They don't love me either.



kovalcik said:


> Hi Jeff,
> 
> I tried to follow your link to the mugs @~9:30 AM and got this:
> 
> ...


----------



## sumterdad (Sep 29, 2011)

Can't get it either


----------



## ed4copies (Sep 29, 2011)

Friendly suggestion:

Jeff, you MAY want to show 7, 6 and 5???

Just to give an idea of what they have looked like.


----------



## jeff (Sep 29, 2011)

You should be able to see the 2010 mug post now.


----------



## jeff (Sep 29, 2011)

Here are prior year mugs.


----------



## philb (Sep 29, 2011)

How many entries are allowed per user?


----------



## Haynie (Sep 29, 2011)

Rules say 1


----------



## jeff (Sep 29, 2011)

philbaldwin said:


> How many entries are allowed per user?



It's in the rules above. One.


----------



## jeff (Sep 30, 2011)

Just as a point of information, last year we had about 18 entries. Get busy!!:biggrin:


----------



## Rmartin (Oct 8, 2011)

What are the size requirements of the jpg?

Thanks


----------



## jeff (Oct 8, 2011)

Rmartin said:


> What are the size requirements of the jpg?
> 
> Thanks



For the contest, 600px in the major dimension would be fine. Winners have previously provided PSD or EPS files after the contest, which are very helpful.


----------



## jeff (Oct 16, 2011)

Just a reminder... the logo contest closes in a few days.

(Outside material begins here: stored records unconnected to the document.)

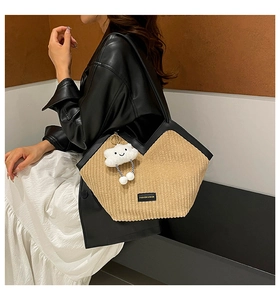 Detail of beige corduroy shoulder bag with black trim and a white cloud charm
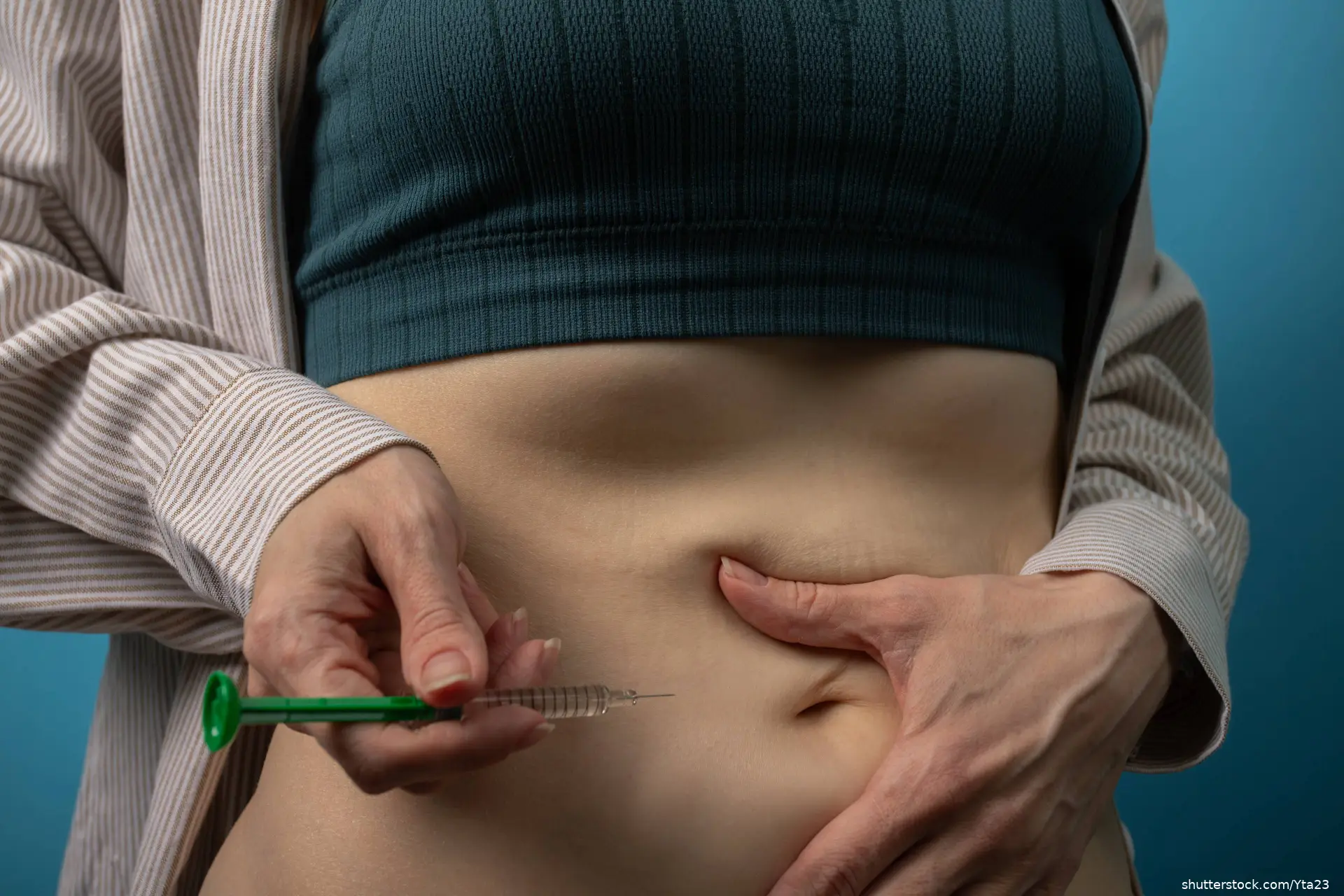 woman injecting medication in her abdomen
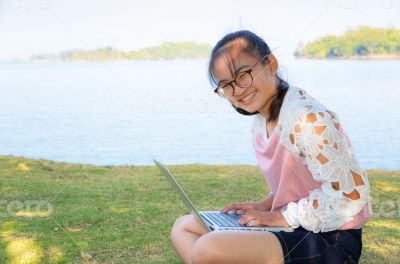 Young girl with laptop on the grass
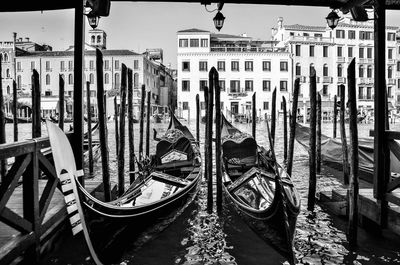 Boats moored in canal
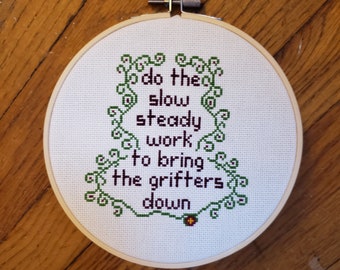 Do the Slow Steady Work to Bring the Grifters Down, completed cross stitch, framed in 6 inch hoop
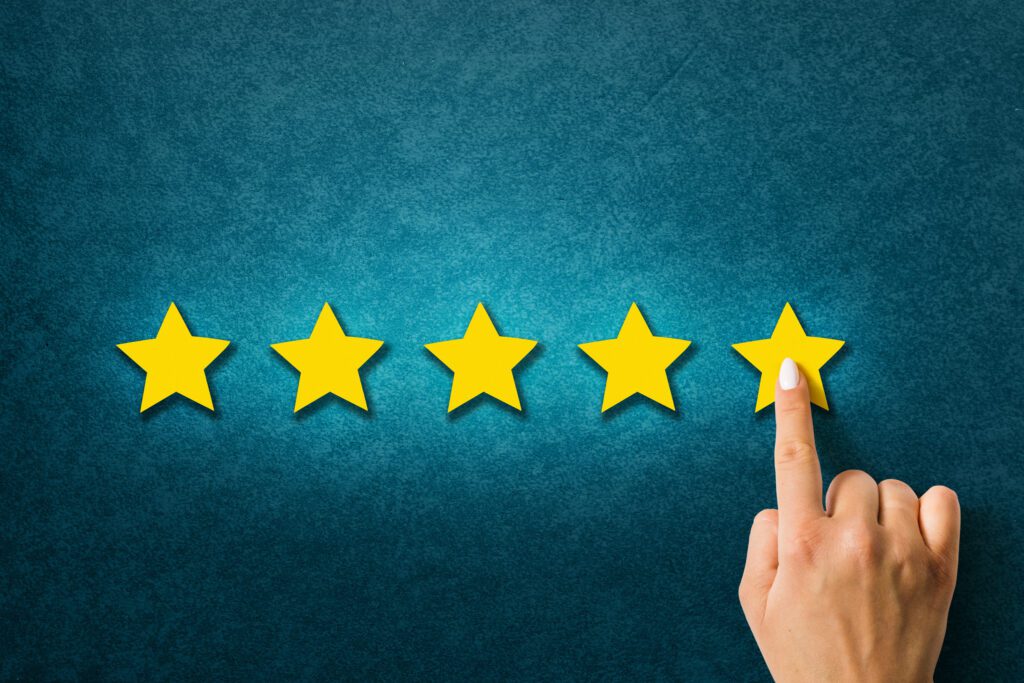 Finger of a hand touching 5th star on yellow stars review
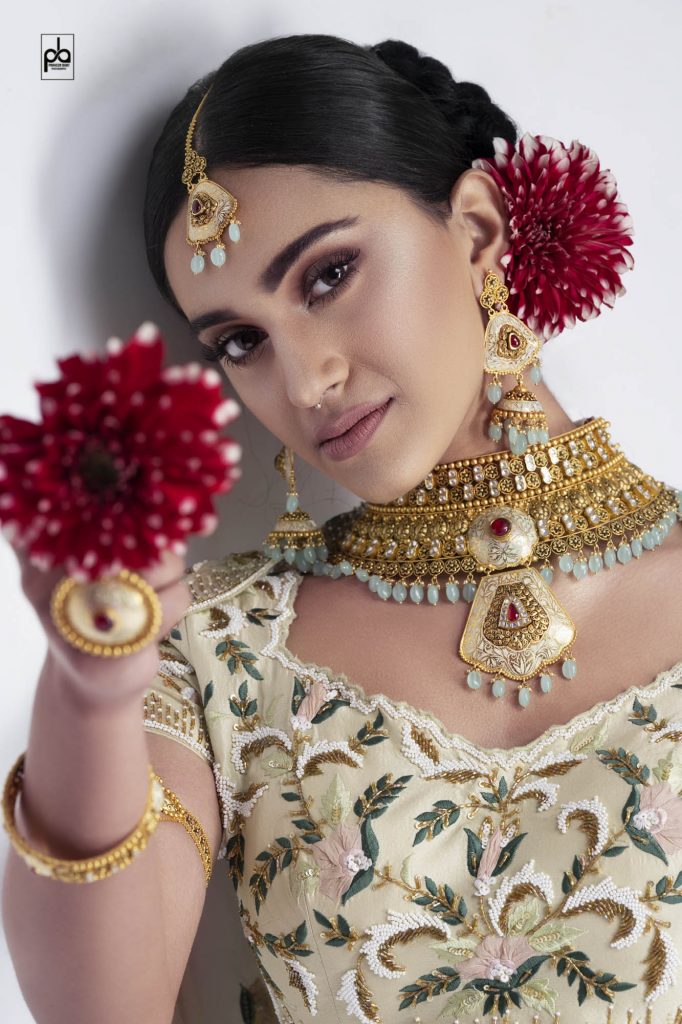 female modeling poses with jewellery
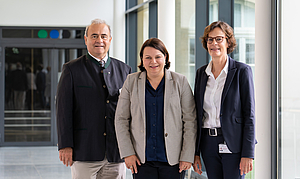 Drei Personen in einem modernen lichtdurchflueteten Krankenhausflur
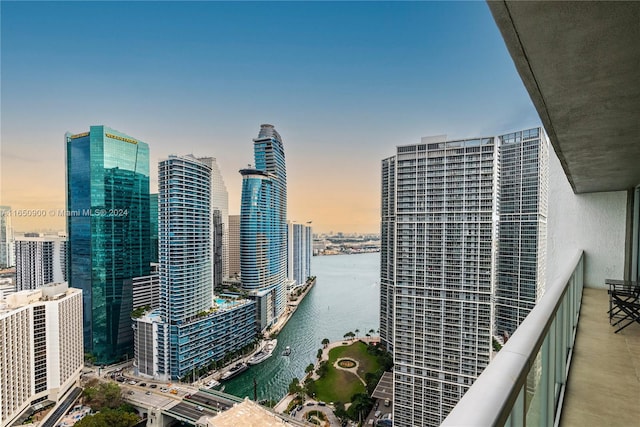 property's view of city featuring a water view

Still plenty of time to get your winning entry drawn up!


----------



## jeff (Oct 17, 2011)

Only 11 entries so far. 

Put down those tools and get to work on a logo!


----------



## grz5 (Oct 20, 2011)

will the 10 logos be posted today?


----------



## jeff (Oct 24, 2011)

grz5 said:


> will the 10 logos be posted today?



It will take me a few days to get the entries whittled down and post the vote.


----------



## hewunch (Oct 24, 2011)

Jeff, how many logos were submitted?


----------



## jeff (Oct 26, 2011)

We had 16 logos. I'm just about to post them for the management team to whittle them down to 10. Then we'll start voting.


----------



## hewunch (Oct 26, 2011)

Thanks.


----------



## jeff (Oct 30, 2011)

The management team has whittled the entries down to the 10 best.

The vote will be posted this evening. We have some excellent entries to choose from!


----------